Monday, Jun. 03, 1996

HELL IS FOR ZEROS

By RICHARD SCHICKEL

Of the many cruel cusps atop which life obliges us to teeter, none is more razor-sharp than the one separating childhood and adolescence. Just ask Dawn Wiener (Heather Matarazzo), better known to her fellow students at Benjamin Franklin Junior High as "Wiener Dog." Built like a badly packed shipping carton, afflicted with thick, round glasses and tightly skinned-back hair, she was born to be shunned and taunted in approximately equal measure.

The girls call her Lesbo, and Brandon (Brendan Sexton Jr.), the juvenile delinquent who is the only boy with an interest in her, demonstrates it by threatening rape. When she responds in kind to a spitball attack, she almost puts a teacher's eye out. Things are scarcely better at home: Dad is passive, Mom is aggressive; her elder brother is a computer nerd and the leader of a hopeless garage band; her little sister is a tattletale in a tutu, meanly waltzing off with such love as can survive in the cold climate of split-level suburbia.

Uh-oh. American dysfunction again, the spilled Slurpee on our nylon carpet of dreams. The difference between Welcome to the Dollhouse and other recent explorations of middle-class desperation is that writer-director Todd Solondz doesn't think it's funny. Neither does he think it's tragic. His Dawn holds no promise. She's not particularly bright nor more than usually sensitive. You don't think her misery is grist for some novelistic or poetic gift that will one day provide her with sweet revenge on her tormentors. It is, at best, material for some future psychiatric monologue wherein she can blame her unhappiness on Brandon. Or on Steve (Eric Mabius), the high school hunk she hopelessly moons after. Or even, conceivably, on her little sister, whose kidnapping turns into the kind of attention-getting device Dawn can only envy.

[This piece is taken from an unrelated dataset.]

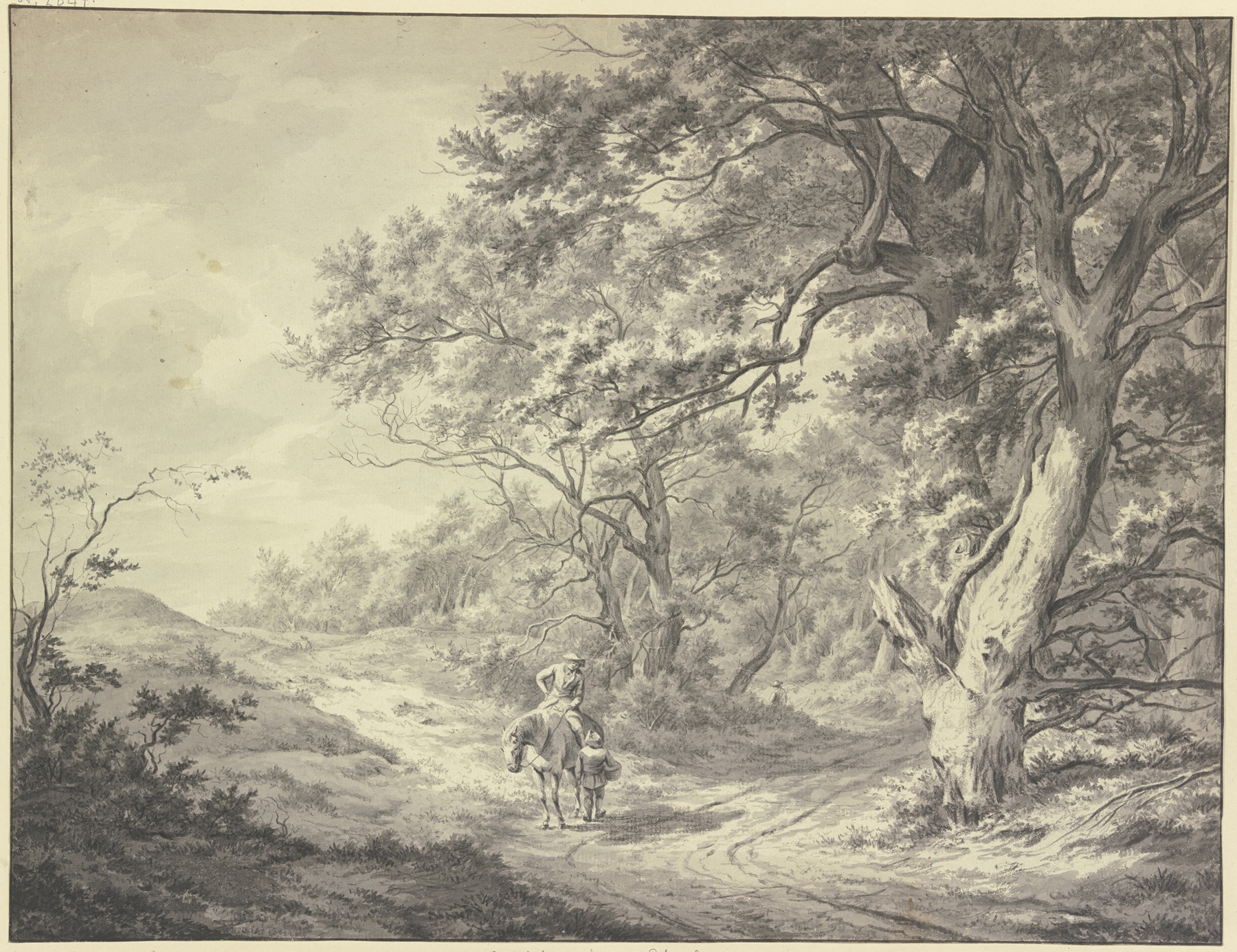 Landscape depicting a forest path with foliage by Franciscus Andreas Milatz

Solondz observes all this activity from an objectifying distance, very much the anthropologist trekking through the heart of darkness. He is, perhaps, too relentless in his grimness, too unforgiving. But there is a certain perverse integrity in his depressive's gaze, something weirdly compelling in his refusal to ingratiate himself with his audience. You keep waiting for him to crack a smile, offer a consoling gesture, express some softening sentiment. He does not. And if there is much that is withering in his contempt, there is also something bracing in the loony tunelessness of this hymn to human dispirit.